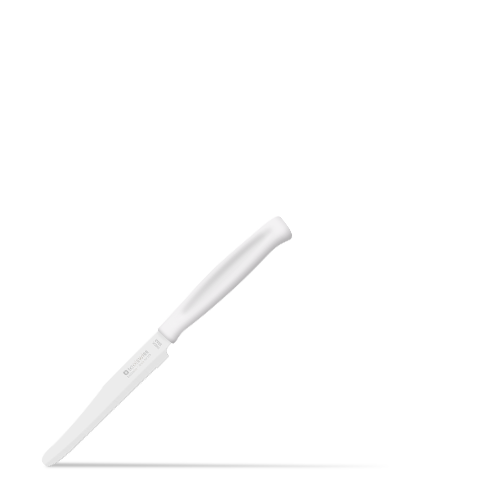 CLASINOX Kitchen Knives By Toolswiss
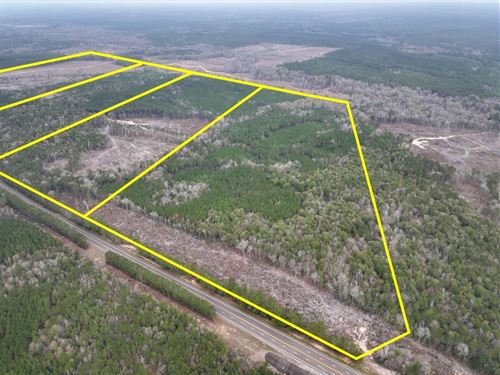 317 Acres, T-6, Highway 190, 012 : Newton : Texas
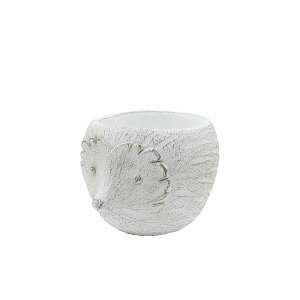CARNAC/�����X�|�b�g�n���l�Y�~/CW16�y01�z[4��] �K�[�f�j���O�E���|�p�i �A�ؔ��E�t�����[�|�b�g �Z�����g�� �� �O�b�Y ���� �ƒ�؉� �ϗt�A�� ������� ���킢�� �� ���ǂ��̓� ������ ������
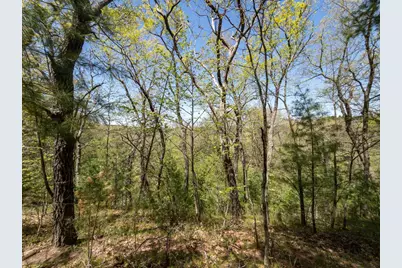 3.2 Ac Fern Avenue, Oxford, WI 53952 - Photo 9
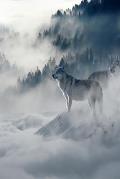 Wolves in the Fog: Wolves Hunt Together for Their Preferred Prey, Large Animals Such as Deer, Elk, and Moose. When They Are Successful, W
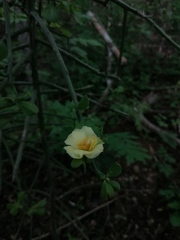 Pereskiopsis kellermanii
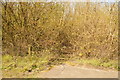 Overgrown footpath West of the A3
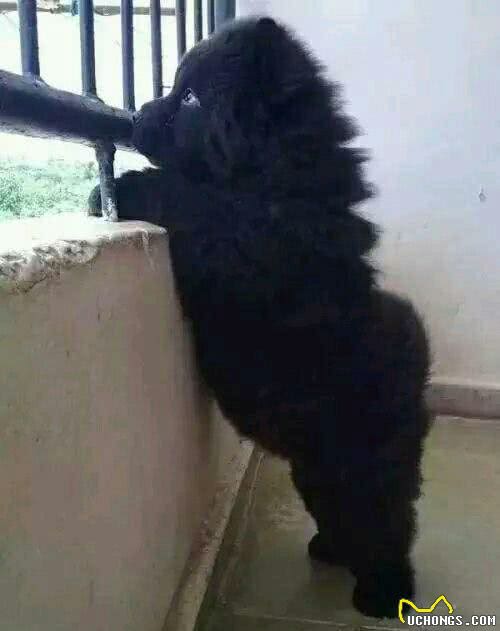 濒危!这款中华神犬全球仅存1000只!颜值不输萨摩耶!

...

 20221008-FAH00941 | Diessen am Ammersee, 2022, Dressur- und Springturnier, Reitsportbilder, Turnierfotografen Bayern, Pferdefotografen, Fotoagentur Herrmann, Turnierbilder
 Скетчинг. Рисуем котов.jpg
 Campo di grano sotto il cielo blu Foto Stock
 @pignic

Exercise: The stretch above running from the line with "Pereskiopsis kellermanii" through the line with "濒危!这款中华神犬全球仅存1000只!颜值不输萨摩耶!" is all you should copy, exactly, leaving out the pictures.

Solution:
 Pereskiopsis kellermanii
 Overgrown footpath West of the A3
 濒危!这款中华神犬全球仅存1000只!颜值不输萨摩耶!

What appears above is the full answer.